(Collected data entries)
========================================
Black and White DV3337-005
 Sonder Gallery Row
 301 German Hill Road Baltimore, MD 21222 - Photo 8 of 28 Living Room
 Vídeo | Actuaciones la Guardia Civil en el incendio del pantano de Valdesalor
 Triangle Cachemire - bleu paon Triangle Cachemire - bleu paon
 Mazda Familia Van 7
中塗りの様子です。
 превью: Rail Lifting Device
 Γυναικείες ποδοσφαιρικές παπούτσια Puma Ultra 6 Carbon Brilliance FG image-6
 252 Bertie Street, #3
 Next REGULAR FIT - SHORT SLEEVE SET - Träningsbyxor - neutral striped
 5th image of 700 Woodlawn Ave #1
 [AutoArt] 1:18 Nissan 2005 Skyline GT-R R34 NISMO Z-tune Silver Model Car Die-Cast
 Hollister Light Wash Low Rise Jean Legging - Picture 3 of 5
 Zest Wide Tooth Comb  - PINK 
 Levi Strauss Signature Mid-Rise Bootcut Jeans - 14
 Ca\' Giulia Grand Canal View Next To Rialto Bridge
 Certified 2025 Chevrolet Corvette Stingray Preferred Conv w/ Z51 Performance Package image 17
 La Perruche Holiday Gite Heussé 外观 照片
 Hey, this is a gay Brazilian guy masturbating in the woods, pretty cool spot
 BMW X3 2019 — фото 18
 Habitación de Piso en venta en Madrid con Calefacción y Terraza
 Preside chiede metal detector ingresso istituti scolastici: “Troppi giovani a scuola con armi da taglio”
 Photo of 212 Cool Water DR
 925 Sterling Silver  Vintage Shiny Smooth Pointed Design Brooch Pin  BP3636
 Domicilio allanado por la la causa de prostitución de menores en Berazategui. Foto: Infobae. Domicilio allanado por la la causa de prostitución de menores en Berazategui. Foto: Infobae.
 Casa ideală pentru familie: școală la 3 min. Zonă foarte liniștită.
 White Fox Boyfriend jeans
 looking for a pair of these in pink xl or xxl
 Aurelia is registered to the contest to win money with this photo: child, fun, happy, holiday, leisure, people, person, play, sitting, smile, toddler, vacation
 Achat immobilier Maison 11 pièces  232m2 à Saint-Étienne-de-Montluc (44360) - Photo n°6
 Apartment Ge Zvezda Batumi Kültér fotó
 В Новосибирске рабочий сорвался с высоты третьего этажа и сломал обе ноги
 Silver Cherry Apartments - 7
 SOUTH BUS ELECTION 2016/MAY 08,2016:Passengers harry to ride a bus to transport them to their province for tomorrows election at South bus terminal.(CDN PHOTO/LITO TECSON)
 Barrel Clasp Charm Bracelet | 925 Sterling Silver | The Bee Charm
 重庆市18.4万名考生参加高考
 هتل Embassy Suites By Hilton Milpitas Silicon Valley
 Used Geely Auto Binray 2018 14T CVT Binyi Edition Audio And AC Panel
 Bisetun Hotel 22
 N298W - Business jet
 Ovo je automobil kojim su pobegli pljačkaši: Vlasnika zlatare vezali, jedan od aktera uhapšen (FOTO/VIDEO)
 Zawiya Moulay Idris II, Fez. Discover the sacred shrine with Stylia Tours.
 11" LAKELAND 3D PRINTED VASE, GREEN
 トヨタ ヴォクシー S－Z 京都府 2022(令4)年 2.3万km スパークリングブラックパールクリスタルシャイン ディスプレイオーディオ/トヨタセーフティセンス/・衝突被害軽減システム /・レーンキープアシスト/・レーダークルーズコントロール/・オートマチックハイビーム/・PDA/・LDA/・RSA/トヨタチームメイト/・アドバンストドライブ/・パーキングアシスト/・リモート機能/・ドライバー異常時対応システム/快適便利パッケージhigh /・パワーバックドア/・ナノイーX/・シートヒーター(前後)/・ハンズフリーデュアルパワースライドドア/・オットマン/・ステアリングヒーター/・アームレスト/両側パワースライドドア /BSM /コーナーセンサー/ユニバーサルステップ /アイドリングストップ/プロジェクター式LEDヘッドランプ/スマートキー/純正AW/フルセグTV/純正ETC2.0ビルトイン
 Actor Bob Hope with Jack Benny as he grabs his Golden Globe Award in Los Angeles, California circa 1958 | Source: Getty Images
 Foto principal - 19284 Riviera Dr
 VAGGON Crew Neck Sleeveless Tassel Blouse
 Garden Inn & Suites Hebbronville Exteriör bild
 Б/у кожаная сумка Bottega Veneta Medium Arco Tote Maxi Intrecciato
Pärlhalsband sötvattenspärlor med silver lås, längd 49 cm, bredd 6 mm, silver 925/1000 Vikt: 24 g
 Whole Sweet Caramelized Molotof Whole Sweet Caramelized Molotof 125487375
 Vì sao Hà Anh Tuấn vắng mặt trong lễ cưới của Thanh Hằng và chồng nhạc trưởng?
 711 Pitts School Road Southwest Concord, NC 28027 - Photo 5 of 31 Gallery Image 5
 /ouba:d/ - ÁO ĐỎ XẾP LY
========================================
What is being asked.
Going back to the entries above, set down exactly the lines that begin at the one with "Apartment Ge Zvezda Batumi Kültér fotó" and end at the one with "Silver Cherry Apartments - 7", both included, and nothing else.

Your response.
 Apartment Ge Zvezda Batumi Kültér fotó
 В Новосибирске рабочий сорвался с высоты третьего этажа и сломал обе ноги
 Silver Cherry Apartments - 7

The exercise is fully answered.